The bulk of Imaginary Forces’ film work is of the Hollywood variety; they’ve done teasers and opening credits for films like Minority Report, Terminator Salvation, and the Transformers series. But elements of architecture have found their way into much of the firm’s work, especially in the realm of experience design. One project for New York City’s Museum of Modern Art was New City, an architecturally based immersive media environment that envisioned a “living virtual world parallel and simultaneous to ours.” Frankfurt said this type of work helps to emphasize the connection between entertainment and architecture.

These sorts of thematic and impressionistic displays are much more than marketing presentations. Some architects are actually using animation as part of their design methods. “It becomes part of the creative thought process,” said Kulapat Yantrasast, a principal at wHY Architecture in Culver City. “By doing the video, you learn how to communicate the idea more clearly, which sometimes refines the idea itself.”

For one residential project in the Hollywood Hills, wHY took inspiration from the neighborhood’s history in the film industry to create a sort of film-noir animation of the house’s design. Taking cues from Alfred Hitchcock and the early days of mystery movies, wHY’s film shows the house from the perspective of a private detective investigating a crime. The “investigation” takes the detective and the viewer up the drive to the home and through each of its rooms.
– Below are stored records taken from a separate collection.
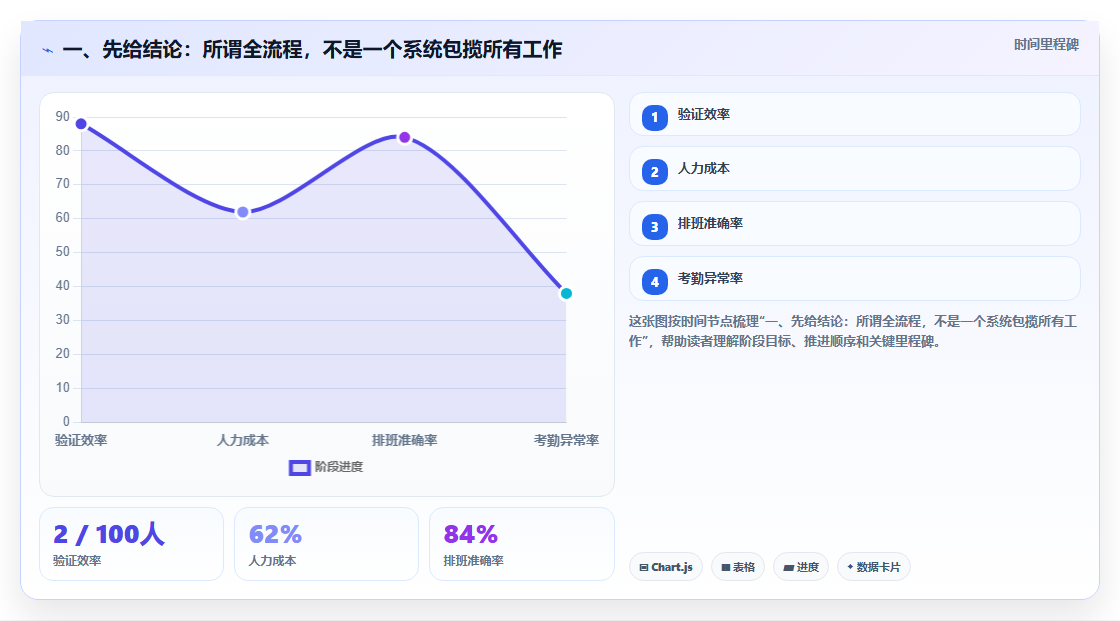 2026年能打通全流程的需求管理系统深度测评与推荐
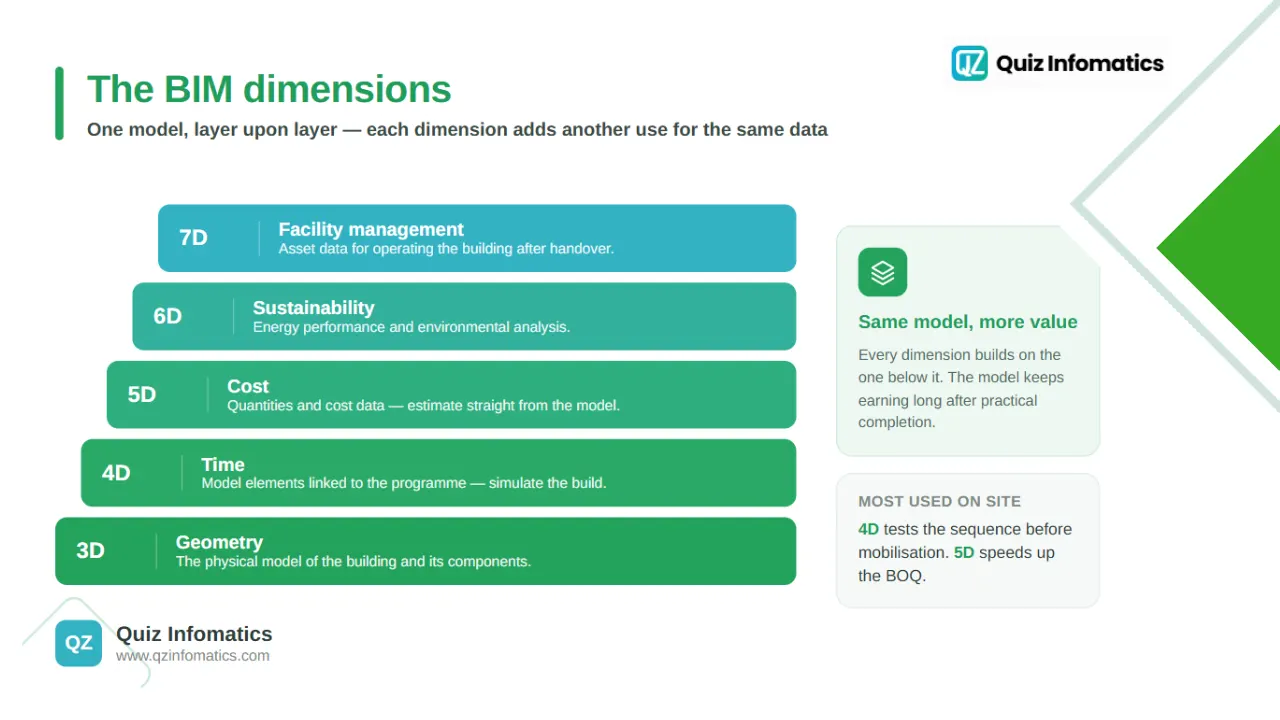 What are the BIM dimensions?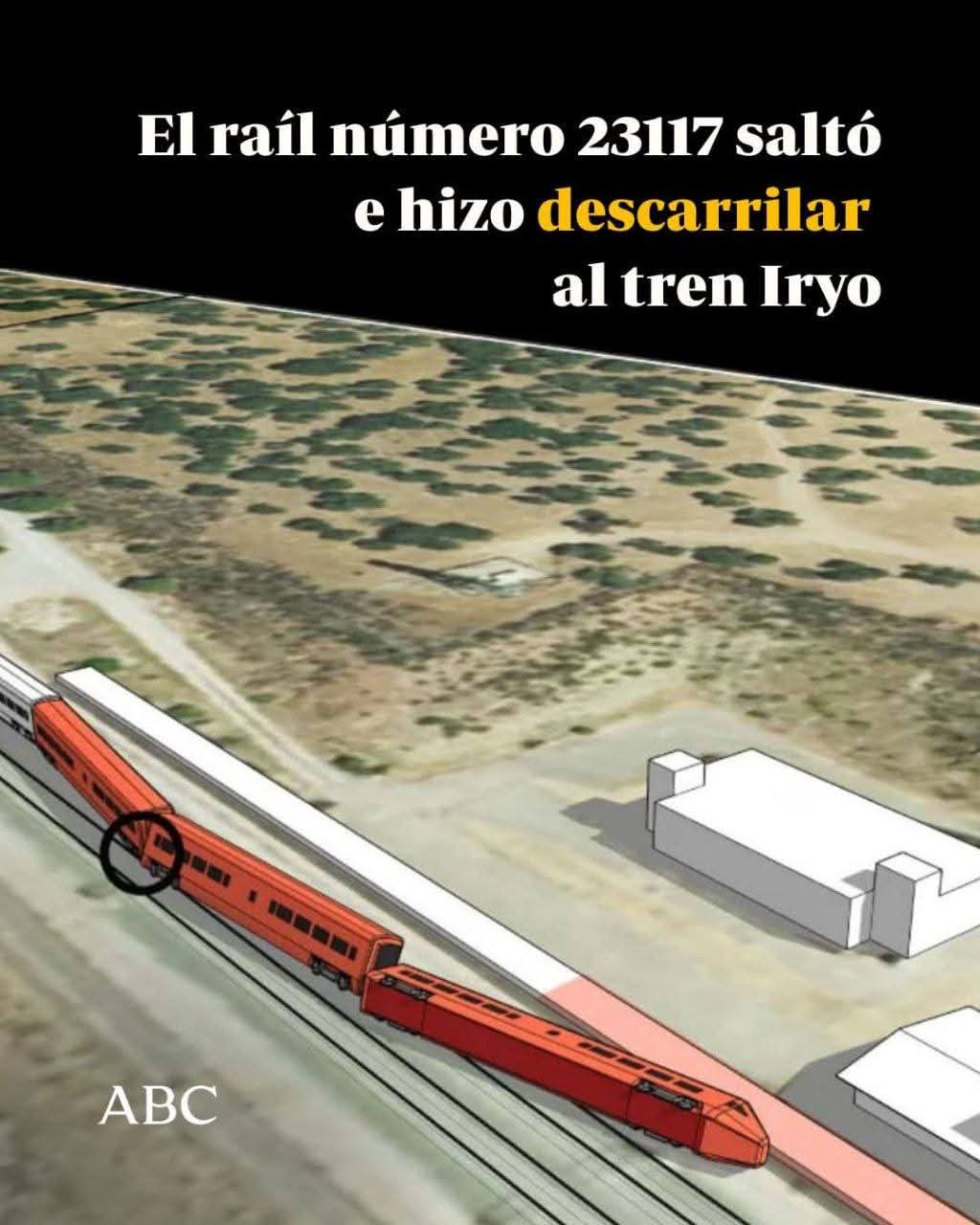 Tragedia en Adamuz: la rotura de una soldadura fue la causa de un catastrófico… – foto 2 de 2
The crime isn’t exactly solved, but the narrative style turns what could have been a drab flythrough into an engaging exploration.

Frankfurt said the growing use of animation throughout the design and marketing process is a cross-pollination between architects and filmmakers that’s likely to continue. “I think it’s just architects’ comfort level and fluency increasing,” he said. “They’re using the process of making the film as a kind of design charrette for elements of the project itself, and I think that’s where there’s real interesting push and value.”